## Aim of the task:
Output begins at the line with "Recambio de asiento" and ends at the last line of the records below. Copy each line in that span exactly, and leave out pictures.

## Short descriptive text snippets:
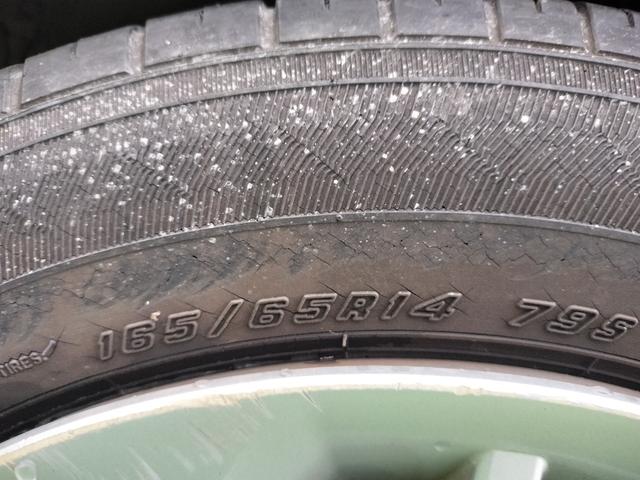 パッソ X S スマートアシスト2/キーレス/ETC/純正オーディオ/CD/USB端子/アイドリングストップ/横滑り防止装置/電格ミラー/集中ドアロック/ABS/ワイパー(59枚目)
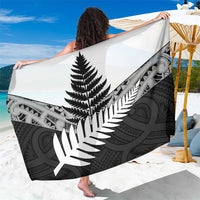 New Zealand Silver Fern Sarong Maori Koru Mixed Taniko Pattern LT9 One Size 44 x 66 inches White - Polynesian Pride
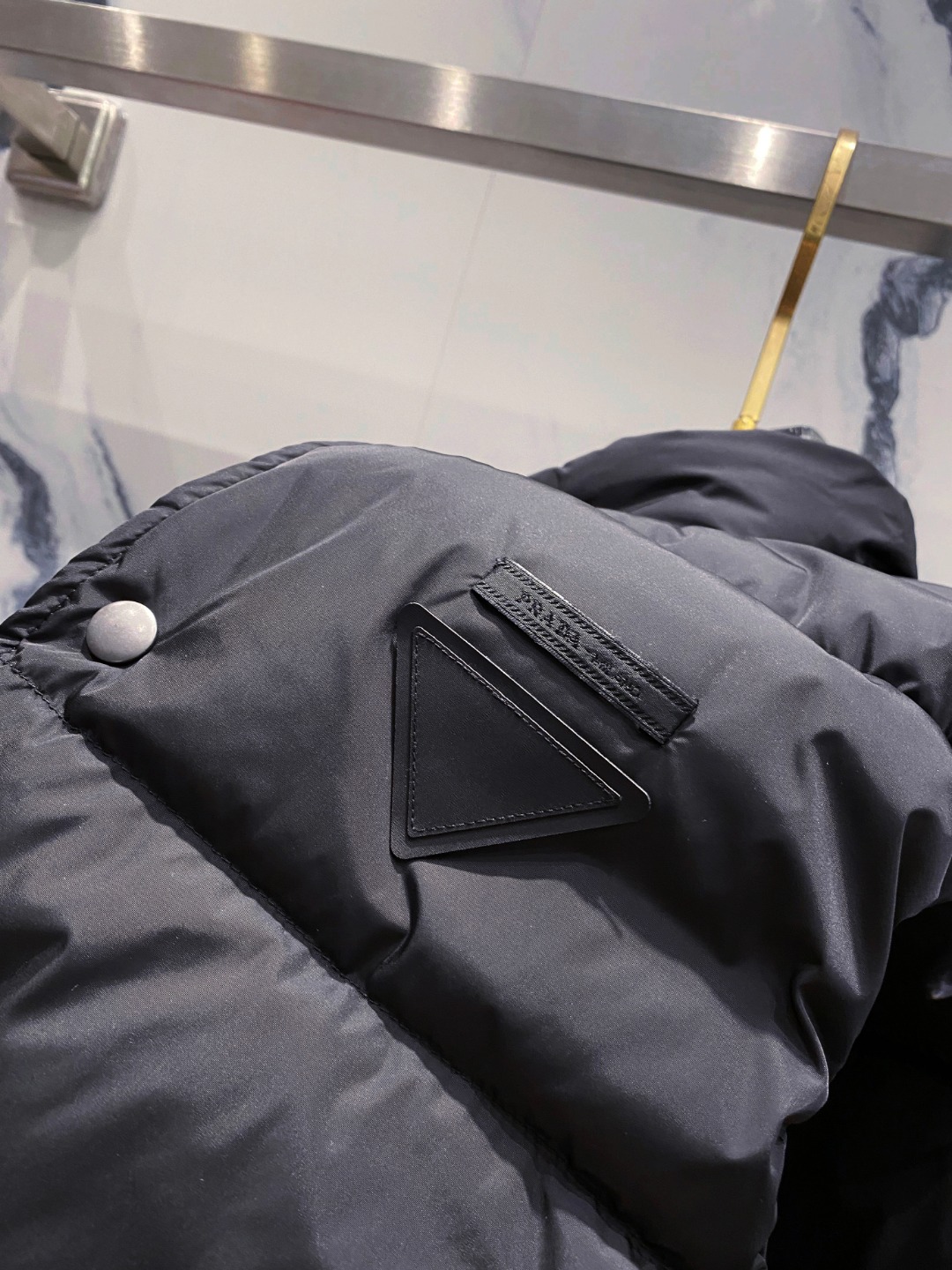 Prada 普拉达2025秋冬专柜同步新品发布，最新工装羽绒马甲出货，原版购入，无论面料及辅料，全部做到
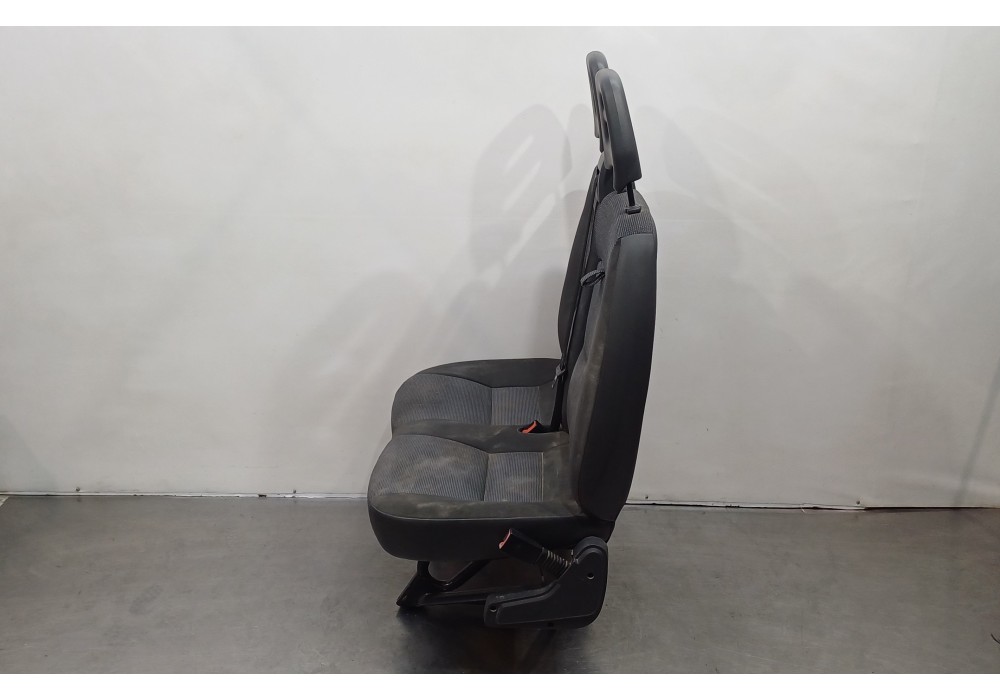 Recambio de asiento delantero derecho para peugeot boxer caja cerrada (rs 3000) (330/333) 2007 ) hdi (330) referencia OEM IAM 88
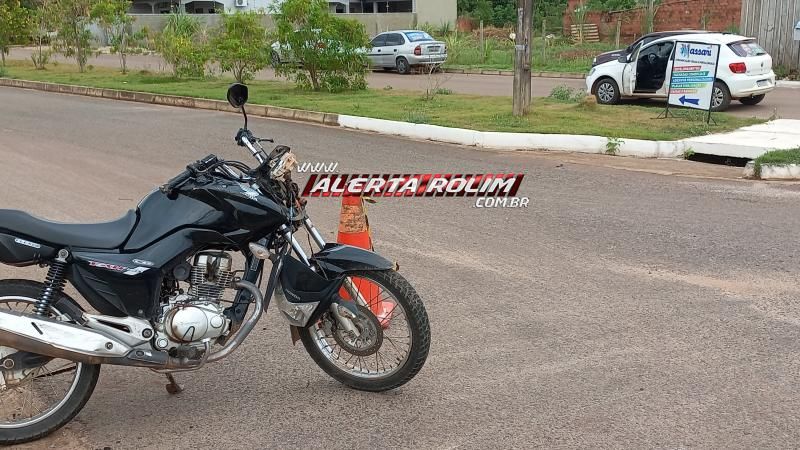 Adolescente conduzindo moto ficou ferido após colisão com carro em Rolim de Moura Adolescente conduzindo moto ficou ferido após colisão com carro em Rolim de Moura
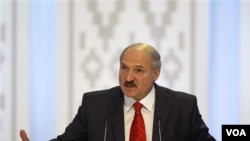 Presiden Belarus Alexander Lukashenko mendapat kecaman yang meningkat dari negara-negara Barat.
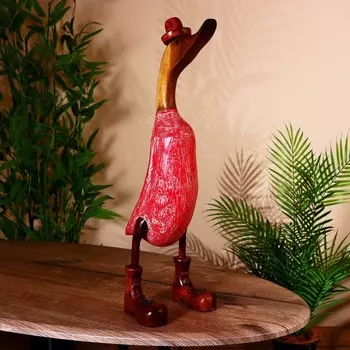 Сувенир «Утка в красном», 45 см, дерево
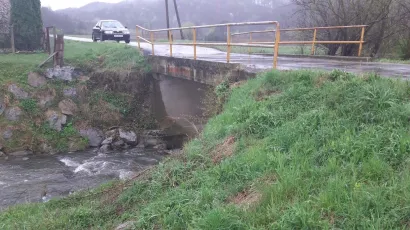 Most se o&scaron;tetio zbog velike količine vode koja prolazi ispod njega i prijeti mu uru&scaron;avanje/Foto: Drago Hodak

## Result:
 Recambio de asiento delantero derecho para peugeot boxer caja cerrada (rs 3000) (330/333) 2007 ) hdi (330) referencia OEM IAM 88
 Adolescente conduzindo moto ficou ferido após colisão com carro em Rolim de Moura Adolescente conduzindo moto ficou ferido após colisão com carro em Rolim de Moura
 Presiden Belarus Alexander Lukashenko mendapat kecaman yang meningkat dari negara-negara Barat.
 Сувенир «Утка в красном», 45 см, дерево
 Most se o&scaron;tetio zbog velike količine vode koja prolazi ispod njega i prijeti mu uru&scaron;avanje/Foto: Drago Hodak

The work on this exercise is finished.